### Instructions to follow
Reproduce all of the data below without alteration; exclude every picture.

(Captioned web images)
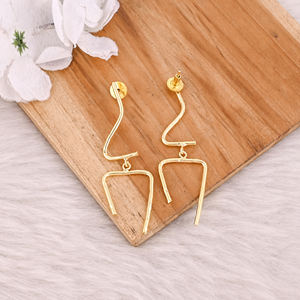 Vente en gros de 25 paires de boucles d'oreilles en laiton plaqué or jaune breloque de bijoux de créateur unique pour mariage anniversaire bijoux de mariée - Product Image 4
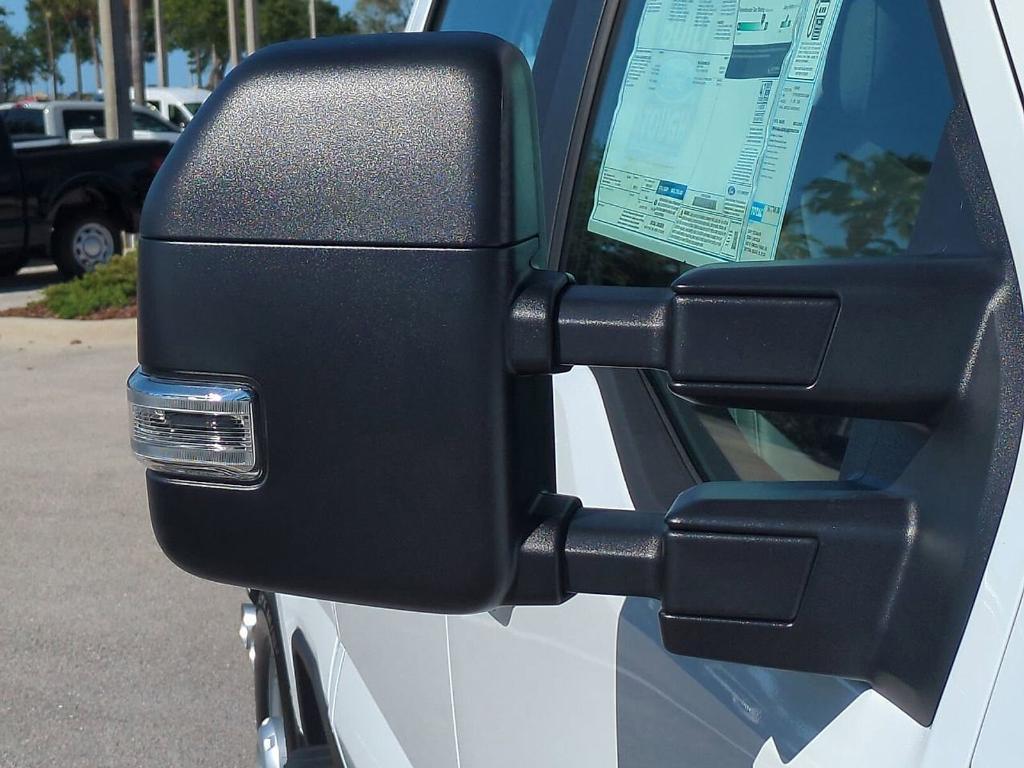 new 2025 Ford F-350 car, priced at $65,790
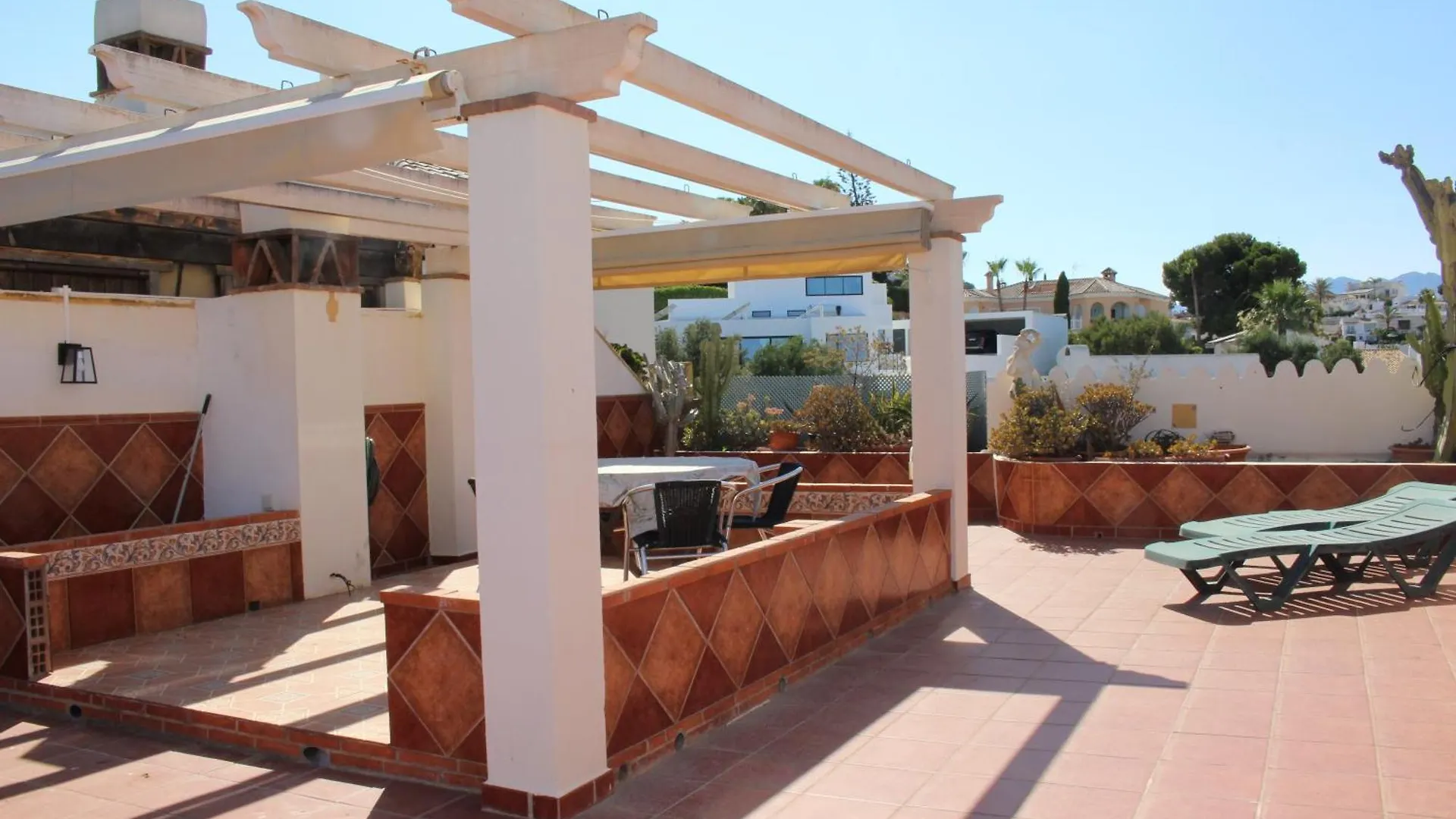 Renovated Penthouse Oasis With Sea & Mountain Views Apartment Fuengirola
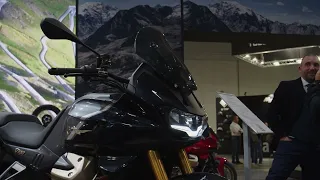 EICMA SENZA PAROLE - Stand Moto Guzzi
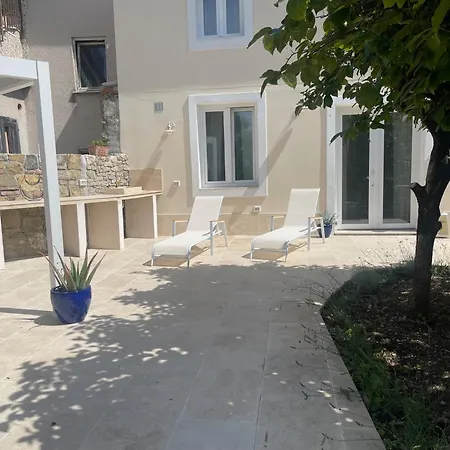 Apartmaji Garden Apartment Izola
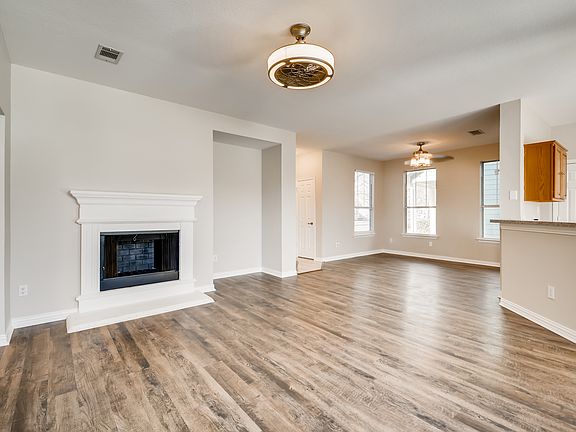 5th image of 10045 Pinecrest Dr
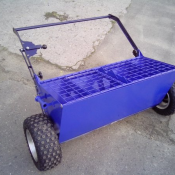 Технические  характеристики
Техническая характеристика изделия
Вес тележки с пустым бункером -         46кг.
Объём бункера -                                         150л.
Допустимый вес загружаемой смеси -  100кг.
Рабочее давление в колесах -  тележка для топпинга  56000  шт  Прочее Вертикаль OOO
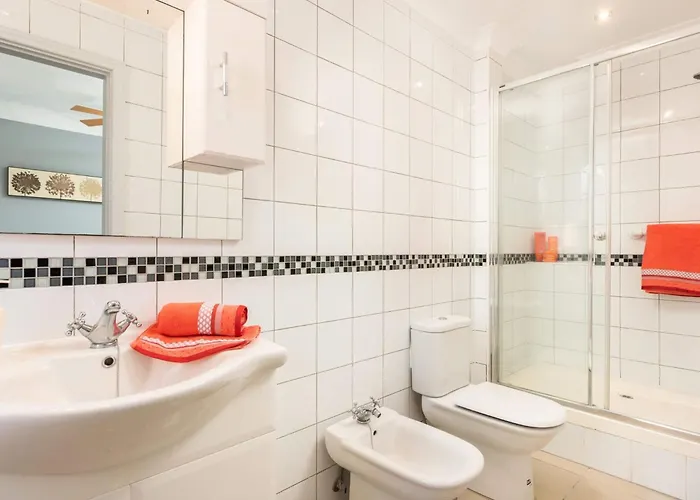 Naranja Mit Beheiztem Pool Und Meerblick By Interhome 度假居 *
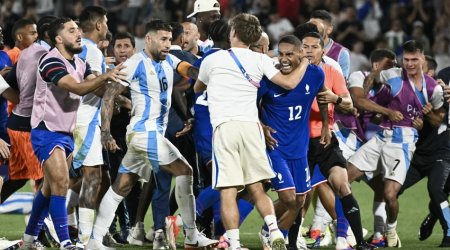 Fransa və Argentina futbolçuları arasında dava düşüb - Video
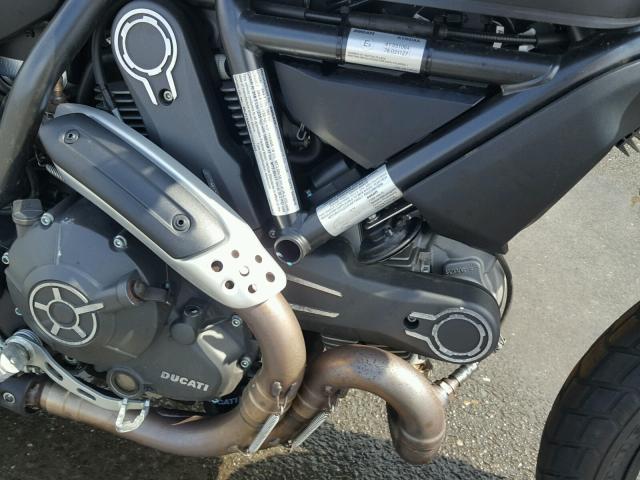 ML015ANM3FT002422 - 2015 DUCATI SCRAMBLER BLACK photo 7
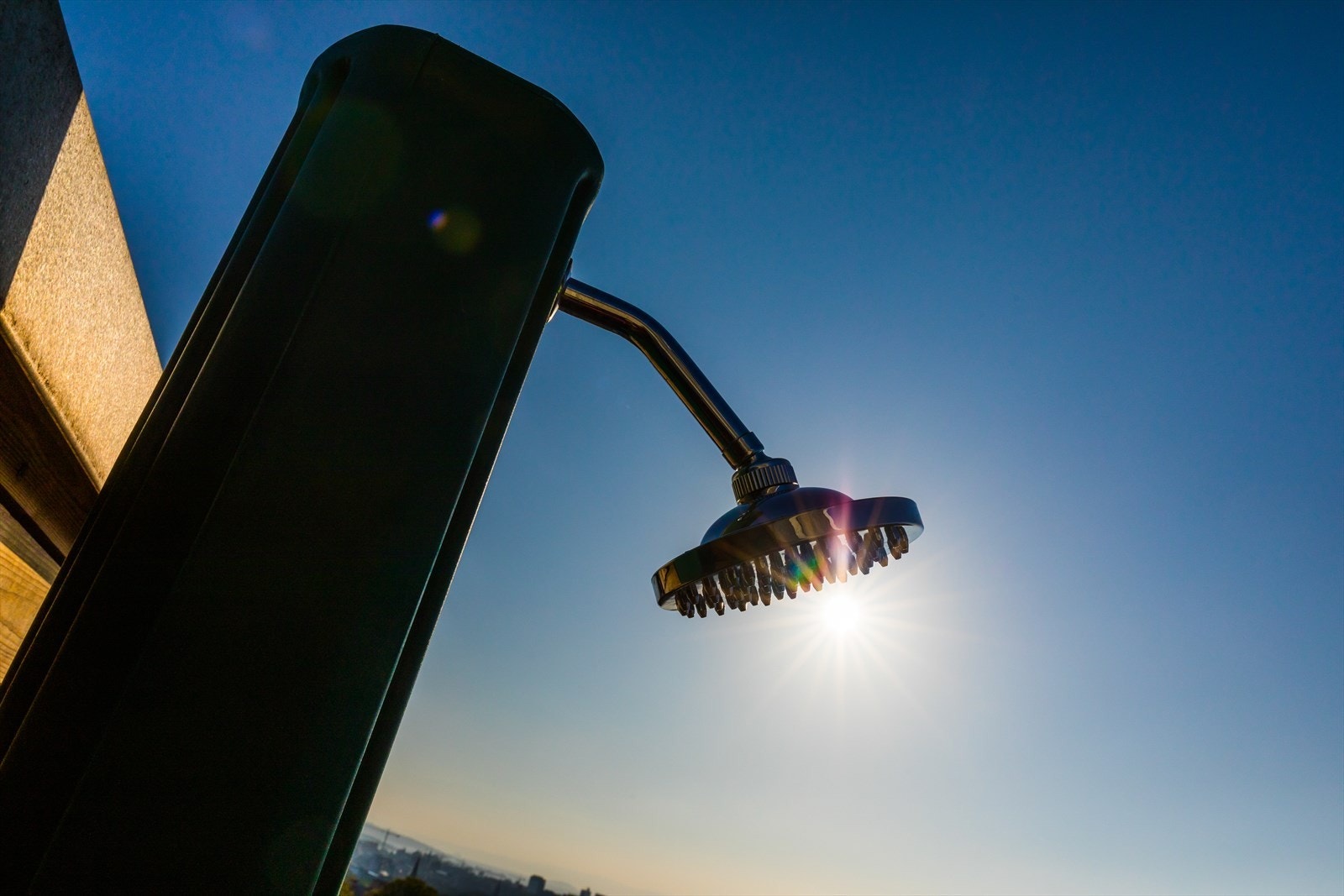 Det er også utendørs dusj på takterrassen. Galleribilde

### Solved exercise
 Vente en gros de 25 paires de boucles d'oreilles en laiton plaqué or jaune breloque de bijoux de créateur unique pour mariage anniversaire bijoux de mariée - Product Image 4
 new 2025 Ford F-350 car, priced at $65,790
 Renovated Penthouse Oasis With Sea & Mountain Views Apartment Fuengirola
 EICMA SENZA PAROLE - Stand Moto Guzzi
 Apartmaji Garden Apartment Izola
 5th image of 10045 Pinecrest Dr
 Технические  характеристики
Техническая характеристика изделия
Вес тележки с пустым бункером -         46кг.
Объём бункера -                                         150л.
Допустимый вес загружаемой смеси -  100кг.
Рабочее давление в колесах -  тележка для топпинга  56000  шт  Прочее Вертикаль OOO
 Naranja Mit Beheiztem Pool Und Meerblick By Interhome 度假居 *
 Fransa və Argentina futbolçuları arasında dava düşüb - Video
 ML015ANM3FT002422 - 2015 DUCATI SCRAMBLER BLACK photo 7
 Det er også utendørs dusj på takterrassen. Galleribilde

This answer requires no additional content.